We Live Here Now
- Author: C.D. Rose
- Language: English
- Publisher: Melville House Publishing
- Publication date: August 5, 2025
- Publication place: United States
- Pages: 320
- ISBN: 978-1685892012

= We Live Here Now =

2025 book

We Live Here Now is a 2025 composite novel by British author C.D. Rose.

== Summary ==
The book consists of fourteen short stories, all centering around the experimental artist Sigismunda Conrad and a mysterious exhibition of hers.

== Themes and analysis ==
In an interview with The New Statesman, Rose denied that the book was "art world satire."

== Reception ==
=== Critical reception ===
Ian Mond of Locus noted the book's "kaleidoscope of surrealism and artistic eccentricity," saying that it "gleefully, cheekily, playfully pokes fun at the contemporary art world." Chris Power of The Observer gave the book a positive review, saying that "perhaps a book about a work of art that swallows those who experience it can only really live up to its promise if it does the same to its readers.
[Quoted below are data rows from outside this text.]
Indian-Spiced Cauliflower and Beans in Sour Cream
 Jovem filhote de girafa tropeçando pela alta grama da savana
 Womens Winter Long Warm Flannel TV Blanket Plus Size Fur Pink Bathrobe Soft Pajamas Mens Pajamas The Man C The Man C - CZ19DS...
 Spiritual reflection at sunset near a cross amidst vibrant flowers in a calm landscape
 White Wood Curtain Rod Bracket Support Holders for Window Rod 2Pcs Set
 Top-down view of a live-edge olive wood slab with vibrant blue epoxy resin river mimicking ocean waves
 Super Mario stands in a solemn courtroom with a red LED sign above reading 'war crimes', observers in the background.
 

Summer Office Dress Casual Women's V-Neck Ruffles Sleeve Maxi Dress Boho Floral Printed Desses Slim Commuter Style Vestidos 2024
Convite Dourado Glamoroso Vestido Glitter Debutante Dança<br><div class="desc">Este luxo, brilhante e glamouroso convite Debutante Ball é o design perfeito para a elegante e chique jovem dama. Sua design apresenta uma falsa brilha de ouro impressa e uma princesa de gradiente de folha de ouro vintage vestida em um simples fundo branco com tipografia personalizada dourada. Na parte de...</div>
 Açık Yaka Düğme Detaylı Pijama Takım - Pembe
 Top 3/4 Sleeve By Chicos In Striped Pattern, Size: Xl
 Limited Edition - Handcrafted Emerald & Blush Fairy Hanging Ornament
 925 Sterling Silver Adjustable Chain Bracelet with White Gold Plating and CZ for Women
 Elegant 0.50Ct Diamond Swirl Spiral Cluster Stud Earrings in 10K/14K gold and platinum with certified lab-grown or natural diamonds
When I think about it, though, I realise that sometimes, lost in its fitfully brilliant pages, that’s exactly what happened to me," additionally praising Rose for being "very funny; he is able to acknowledge absurdity without puncturing the novel’s menacing atmosphere." John Self of The Daily Telegraph gave the book five stars out of five, saying that "here is a book that shows it is possible for a novel to be at once highly original and to fit within an established tradition," additionally praising it for being "both accessible and challenging, entertaining the reader with its ridiculous and sinister figures, even as it prompts more intellectual questions about the reality of appearances."

Nicole Rudick of The New York Times gave the book a more negative review, saying that it was "too clever by half: so unironically heaped with jargon, theory and name-dropping that, like its characters, the reader never quite understands what anyone is saying."

=== Awards and recognition ===
The book was awarded the 2025 Goldsmiths Prize.